Я знаю, что Магомет не совершал такого именно предатсльства, какое составляет сюжет моей трагедии. История говорит лишь, что он отнял жену у Сеида, одного из своих учеников, и преследовал Абусофьяна, коего я называю Зопиром; но тот, кто ведет войну против своего отечества и смеет вести ее во имя бога, способен на все. Цель моя не в том лишь, чтобы вывести на сцене правдивые события, но в том, чтобы правдиво изобразить нравы, передать истинные мысли людей, порожденные обстоятельствами, в коих люди эти очутились, и, наконец, показать, до какой жестокости может дойти злостный обман и какие ужасы способен творить фанатизм. Магомет у меня — не что иное, как Тартюф с оружием в руках.
Я буду полностью вознагражден за свой труд, если какая-нибудь слабая душа, всегда готовая поддаться действию чужого и чуждого ей самой исступления, укрепит себя против этих гибельных соблазнов, прочитав мою пиесу; если, ужаснувшись злосчастному повиновению Сеида, читатель скажет себе: «Зачем я буду слепо повиноваться слепцам, которые кричат: «Ненавидь! Преследуй! Убивай того, кто смеет не соглашаться с нашим мнением о чем бы то ни было, даже о предметах безразличных и нам самим непонятных»? Не лучше ли я поступлю, способствуя искоренению подобных чувств среди людей? Дух снисхождения рождает братьев; дух нетерпимости не рождает ничего, кроме чудовищ».

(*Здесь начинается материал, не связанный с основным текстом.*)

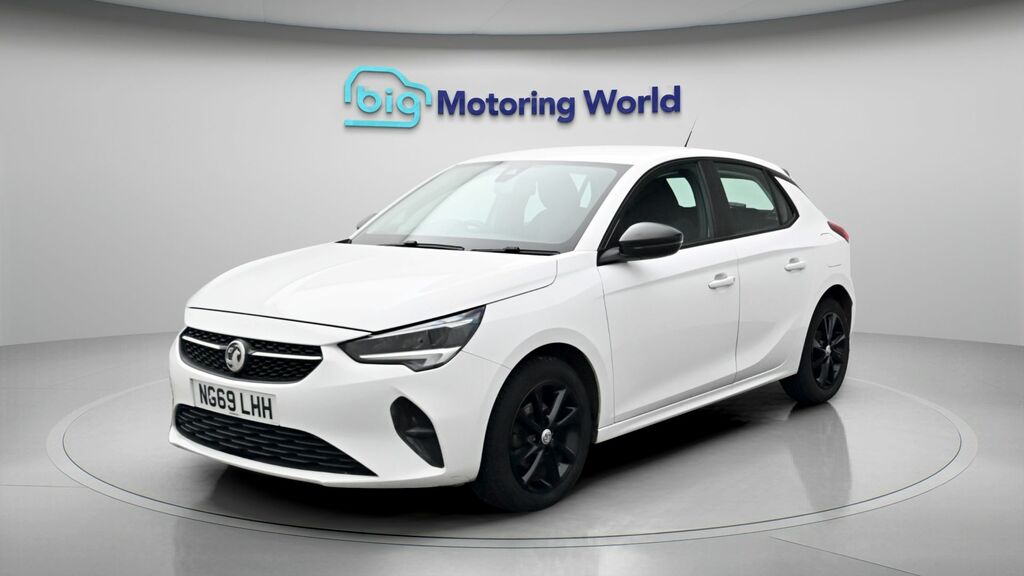 Vauxhall Corsa Se Nav NG69LHH White #3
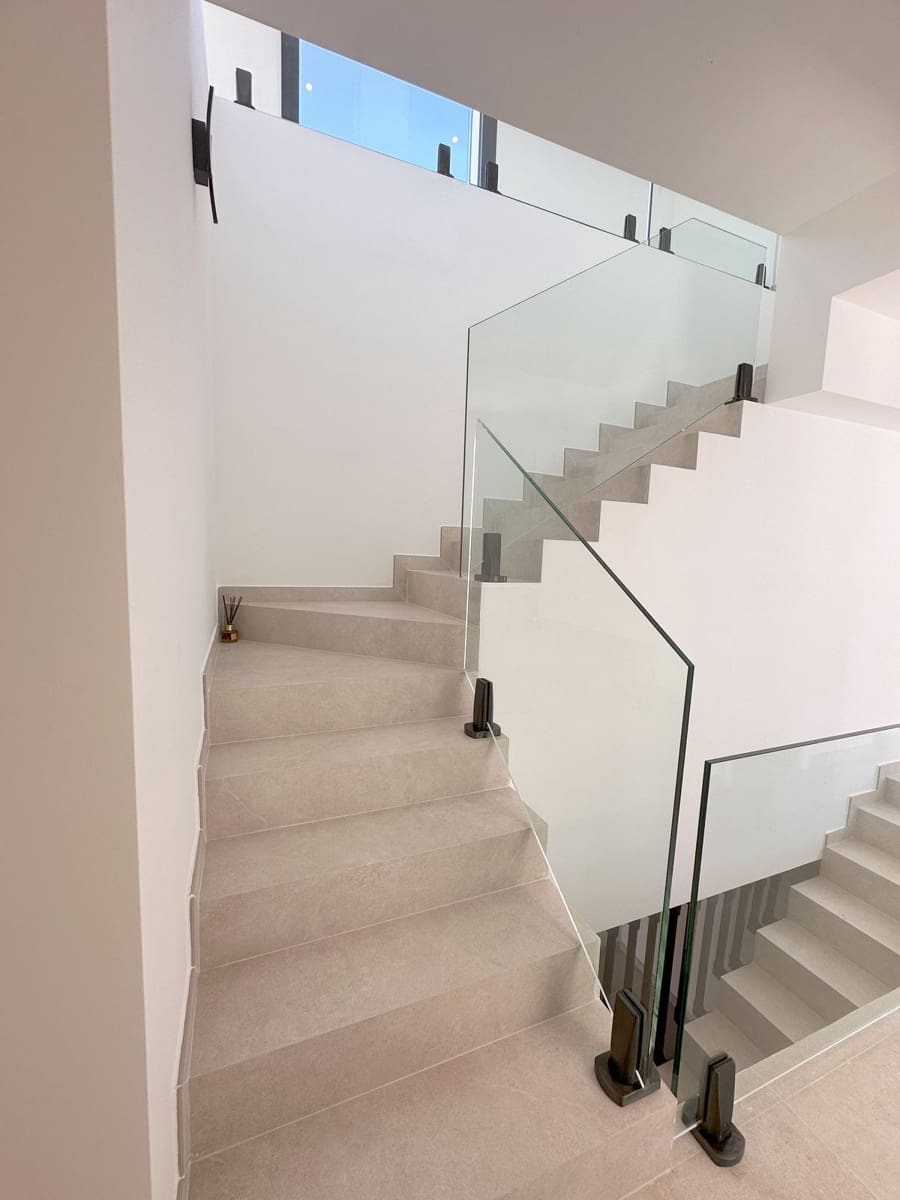 6 makuuhuone Huvila myytävänä paikassa Mijas Costa mukana uima-altaan 
autotalli - 2 295 000 € (Ref: 8926753)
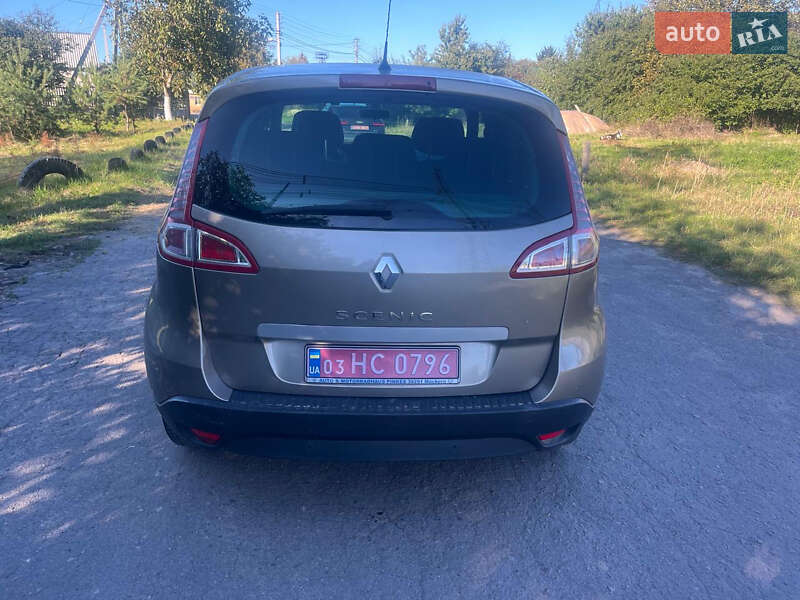 Минивэн Renault Scenic 2011 в Луцке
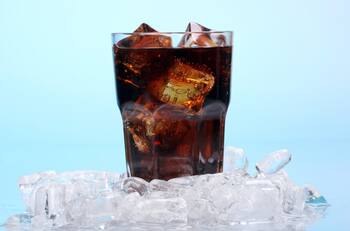 Conserva tus bebidas heladas durante el verano con este simple truco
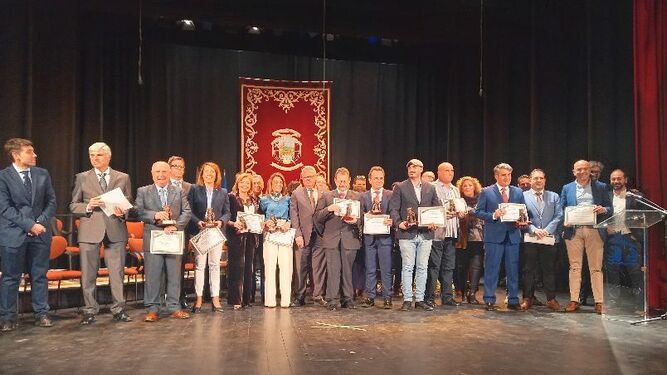 Personalidades reconocidas en Puente Genil por el Día de Andalucía.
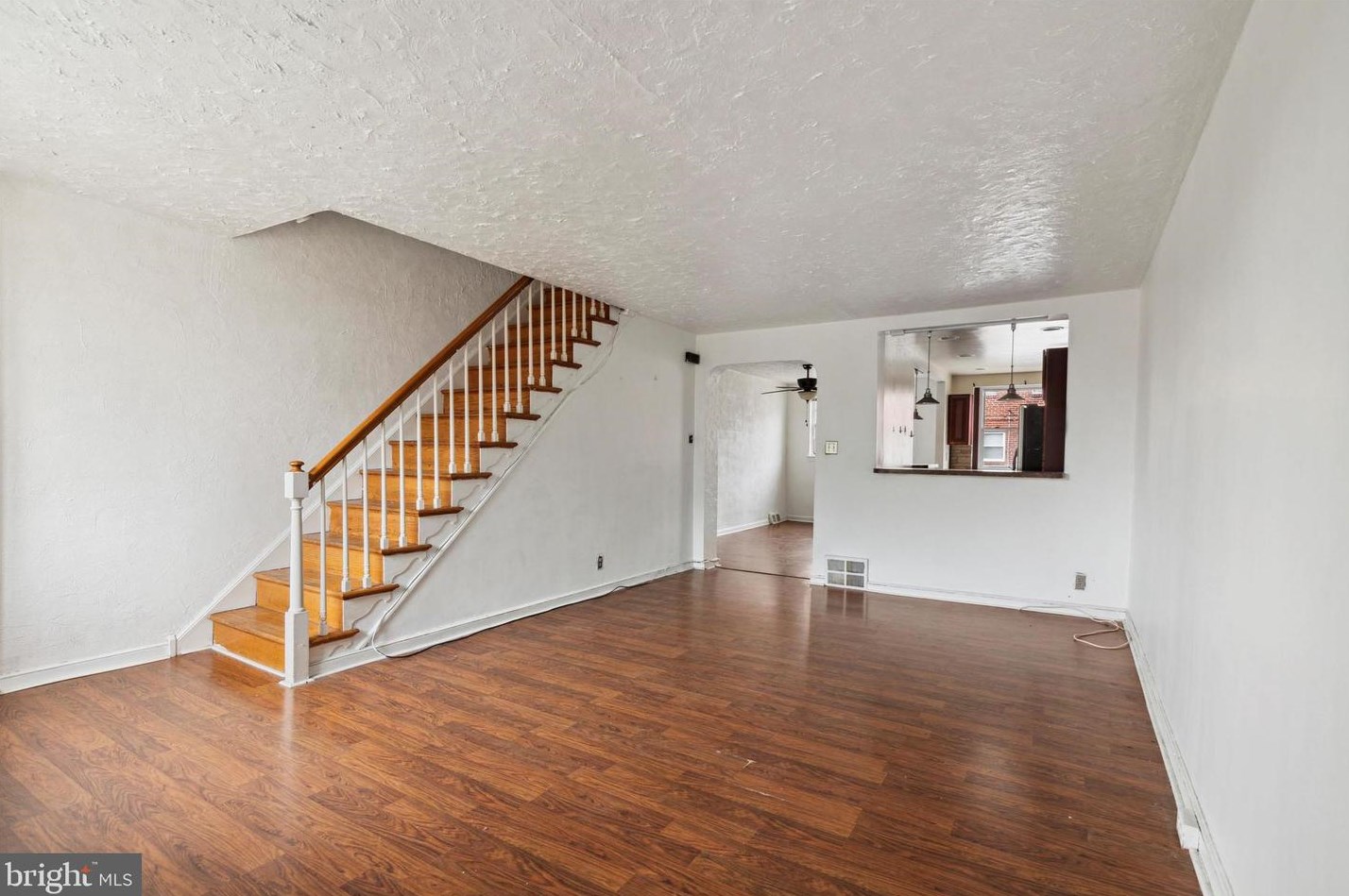 8538 Provident Rd, Philadelphia, PA 19150-1606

Так думаете и Вы, Ваше величество. Для меня не было бы большего утешения, как жить подле Вас, короля-философа. Преданность моя Вам столь же велика, как и мои сожаления; и если меня призывают иные обязанности, то никогда они не вытеснят из моего сердца чувств, внушенных государем, который мыслит и говорит, как человек, который избегает напускной важности, всегда скрывающей под собой мелочность и невежество, свободно общается с другими людьми, ибо не боится, что тайные мысли его будут угаданы, который всегда готов учиться и сам способен учить просвещеннейших.